# Double GPO on a STC1000 setup?



## einnebcj (20/9/13)

Hi all

Putting together my STC1000 box and went scrounging around the shed to see what I had and came across a double GPO. Most set ups I've seen use two single plugs......any reason I couldn't use this double?

Chris


----------



## Mardoo (20/9/13)

Guys in the States do this all the time. Just. Mark. Them. Very. Well.


----------



## breakbeer (20/9/13)

I've got 2 STC1000's & one of them (the 1st one I did) has 2 cut extension cords sticking out the back. I decided to go with slimline GPO's for the 2nd one & I think it's much neater

Cold one is sprayed Blue, Hot one sprayed Red


----------



## einnebcj (20/9/13)

As in which one is heating and which is cooling? 

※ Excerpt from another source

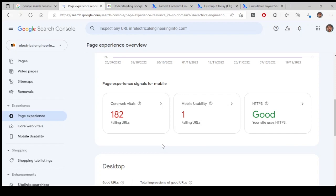And next one is Cumulative Layout Shift, CLS. This is basically how visually the layout appears. Is the content going out of the device if you are browsing it on a mobile device? Do you have to scroll a lot to see a page? How visually it is appealing is about Core Web Vitals.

It's normal in Double GPO's for both sets of wires go into same 'points' on back - ie - two negative wires in same spot etc.....?


----------



## breakbeer (20/9/13)

If all the wiring goes to one point in the back of the double GPO then it'll be no good for an STC

you need to seperate the heating & cooling


----------



## BeerNess (20/9/13)

yeah I found this old school one for mine.. but any are fine... i like the switches being there so if I want to for what ever reason I can switch off the heating and cooling separate from the STC power, without unplugging them.


----------



## einnebcj (20/9/13)

Beerness. Does yours look like this on the back.....same principle of single entry points for each cable?


----------



## breakbeer (20/9/13)

I'm tellin' ya, it wont work


----------



## Mardoo (20/9/13)

Good point. Connections to hot and cold must be separate for heating and cooling to function separately. Didn't realize they made doubles with single entry points.


----------



## leighaus (20/9/13)

gday mate,

Im an electrician. Your double gpo there will be no good. As stated, that is just two points from a same switched circuit. you would be fine with a dgpo with an extra switch, but it kind of defeats the purpose and would look funny.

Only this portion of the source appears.